If the company is being sold through a direct share sale, the approval of 100 percent of the stockholders will effectively be required, as each stockholder will need to sign the definitive agreement to sell their shares. Note, however, that once a buyer obtains 90 percent of the outstanding shares of each class, it can acquire the remainder of the shares of the company through a short-form merger, for which no stockholder approval is required, as long as the consideration and other terms offered to the remaining stockholders are identical to what was offered in the earlier transaction.
As noted above, direct share sales are burdensome as every stockholder has to negotiate and enter into an agreement, so they are uncommon among technology companies.
If the company is being sold through a merger:
- Under Delaware law, generally, the approval of holders of at least a majority of the outstanding shares will be required.
- Under California law, generally, the approval of holders of at least a majority of the outstanding shares of each class will be required. Note that California law on this point applies to companies incorporated in California as well as to companies incorporated in other jurisdictions if the number of their shareholders and the extent of their operations in California exceed certain thresholds (see FAQ: “Will a Delaware corporation doing business in California be subject to California corporate law?”).
- The certificate or articles of incorporation of the company might also contain protective provisions that require the additional approval of holders of at least a majority (or greater percentage) of certain classes or series of shares. Even if the certificate or articles of incorporation do not provide for a series or class vote, additional votes of a series or class of shares may be required if the transaction treats the series or class differently than is provided in the governing documents.

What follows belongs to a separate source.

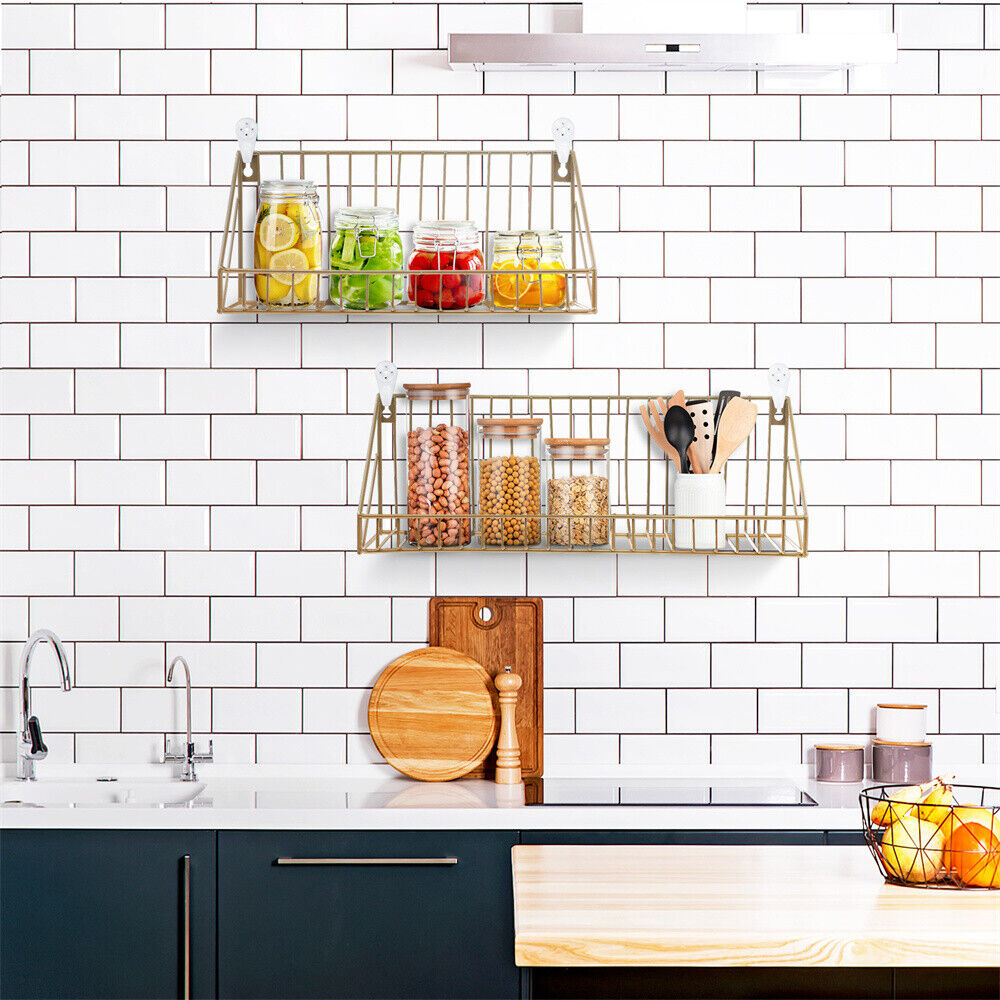 2X Wall Mounted Floating Shelves Metal Bathroom Shelf Kitchen Storage Rac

- It is relatively common for a buyer to request that a company obtain the approval of holders of an even greater percentage of shares (often around 90 percent) for a merger in order to limit the number of stockholders that may exercise appraisal or dissenters’ rights.

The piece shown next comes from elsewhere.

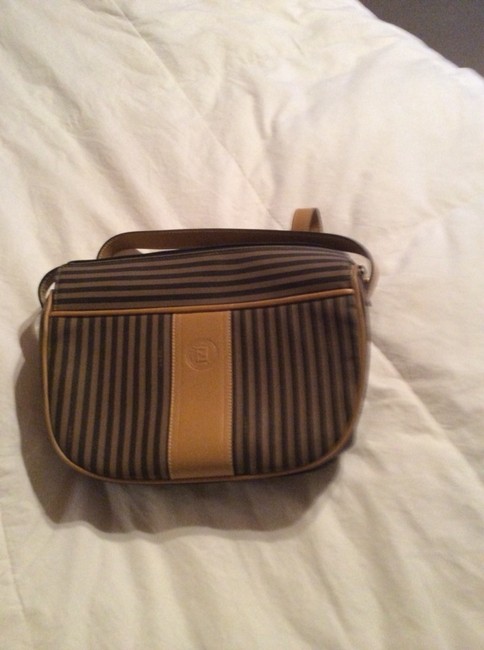 Fendi Taupe and Black Shoulder Bag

- It is also relatively common for a buyer to request that holders of a certain percentage of the shares of a private company expressly agree to be liable for the indemnification obligations set forth in the merger agreement.
If the company is being sold through an asset sale:
- Under Delaware law, generally, the approval of holders of a majority of the outstanding shares will be required.
- Under California law, generally, the approval of holders of a majority of the outstanding shares will be required.
- The certificate or articles of incorporation of the company might also contain protective provisions that require the additional approval of at least a majority (or greater percentage) of certain classes or series of shares.
- It is relatively common for a buyer to request that the holders of a certain percentage of the shares of a private company agree to be liable (either directly or as guarantors) for the indemnification obligations of the company set forth in the asset purchase agreement.
In the context of any structure of transaction, additional votes may be required if the company being sold is private to approve compensation being paid in connection with the transaction under Section 280G of the Internal Revenue Code, as amended. The voting requirement for a compensation vote under Section 280G is 75 percent of the disinterested stockholders. The consequences of failing to obtain the vote are that the person receiving the compensation is subject to significant excise taxes and that the company cannot deduct the compensation.
You should be aware that there are exceptions to the general rules stated above. A company contemplating a sale should seek the advice of its counsel regarding the optimal structure and required stockholder approval required for any particular transaction, ideally prior to the signing of a term sheet. Voting considerations are not the only factor to take into account. Other issues, such as taxation, are also important in determining transaction structure.